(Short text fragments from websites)
== Segment start ==
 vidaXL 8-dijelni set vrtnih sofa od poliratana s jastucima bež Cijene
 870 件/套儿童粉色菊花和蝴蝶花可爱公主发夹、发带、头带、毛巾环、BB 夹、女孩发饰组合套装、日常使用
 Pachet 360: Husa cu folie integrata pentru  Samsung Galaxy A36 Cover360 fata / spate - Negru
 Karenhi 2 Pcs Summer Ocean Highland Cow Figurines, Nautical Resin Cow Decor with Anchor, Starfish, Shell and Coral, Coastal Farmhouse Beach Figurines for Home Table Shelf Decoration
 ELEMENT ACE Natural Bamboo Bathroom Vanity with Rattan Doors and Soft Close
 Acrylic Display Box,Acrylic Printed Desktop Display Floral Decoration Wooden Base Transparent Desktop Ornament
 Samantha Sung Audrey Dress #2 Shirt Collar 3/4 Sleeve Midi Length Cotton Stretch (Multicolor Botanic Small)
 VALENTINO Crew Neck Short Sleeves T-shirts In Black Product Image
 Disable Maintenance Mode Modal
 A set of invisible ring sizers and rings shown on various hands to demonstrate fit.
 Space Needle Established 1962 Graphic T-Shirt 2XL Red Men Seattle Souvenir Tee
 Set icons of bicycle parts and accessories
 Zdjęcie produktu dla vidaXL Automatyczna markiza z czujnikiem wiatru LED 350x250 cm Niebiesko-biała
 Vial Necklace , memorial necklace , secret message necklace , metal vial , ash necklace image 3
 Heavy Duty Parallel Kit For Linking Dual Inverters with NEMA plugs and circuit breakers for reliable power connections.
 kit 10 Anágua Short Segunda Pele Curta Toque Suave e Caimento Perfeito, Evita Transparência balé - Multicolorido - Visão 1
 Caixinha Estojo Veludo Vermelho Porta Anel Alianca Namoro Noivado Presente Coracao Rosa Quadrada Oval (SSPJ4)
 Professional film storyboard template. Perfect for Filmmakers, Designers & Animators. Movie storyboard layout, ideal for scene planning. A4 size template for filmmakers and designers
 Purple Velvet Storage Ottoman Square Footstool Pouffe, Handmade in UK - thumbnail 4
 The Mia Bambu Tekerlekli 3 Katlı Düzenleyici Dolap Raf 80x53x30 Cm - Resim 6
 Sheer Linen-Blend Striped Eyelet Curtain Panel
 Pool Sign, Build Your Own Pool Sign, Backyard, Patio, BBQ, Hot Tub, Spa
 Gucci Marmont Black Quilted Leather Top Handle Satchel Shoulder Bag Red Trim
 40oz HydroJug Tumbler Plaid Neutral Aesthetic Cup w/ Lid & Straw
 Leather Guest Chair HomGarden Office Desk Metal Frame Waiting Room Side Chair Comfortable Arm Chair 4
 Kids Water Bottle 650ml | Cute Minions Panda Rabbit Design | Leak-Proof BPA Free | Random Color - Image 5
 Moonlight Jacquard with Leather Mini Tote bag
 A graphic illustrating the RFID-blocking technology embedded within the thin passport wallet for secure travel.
== Segment end ==
• WORK REQUEST
The output should consist only of the lines from the one with "Sheer Linen-Blend Striped" through the final line of the records above, exactly.

• RESPONSE TO THE TASK
 Sheer Linen-Blend Striped Eyelet Curtain Panel
 Pool Sign, Build Your Own Pool Sign, Backyard, Patio, BBQ, Hot Tub, Spa
 Gucci Marmont Black Quilted Leather Top Handle Satchel Shoulder Bag Red Trim
 40oz HydroJug Tumbler Plaid Neutral Aesthetic Cup w/ Lid & Straw
 Leather Guest Chair HomGarden Office Desk Metal Frame Waiting Room Side Chair Comfortable Arm Chair 4
 Kids Water Bottle 650ml | Cute Minions Panda Rabbit Design | Leak-Proof BPA Free | Random Color - Image 5
 Moonlight Jacquard with Leather Mini Tote bag
 A graphic illustrating the RFID-blocking technology embedded within the thin passport wallet for secure travel.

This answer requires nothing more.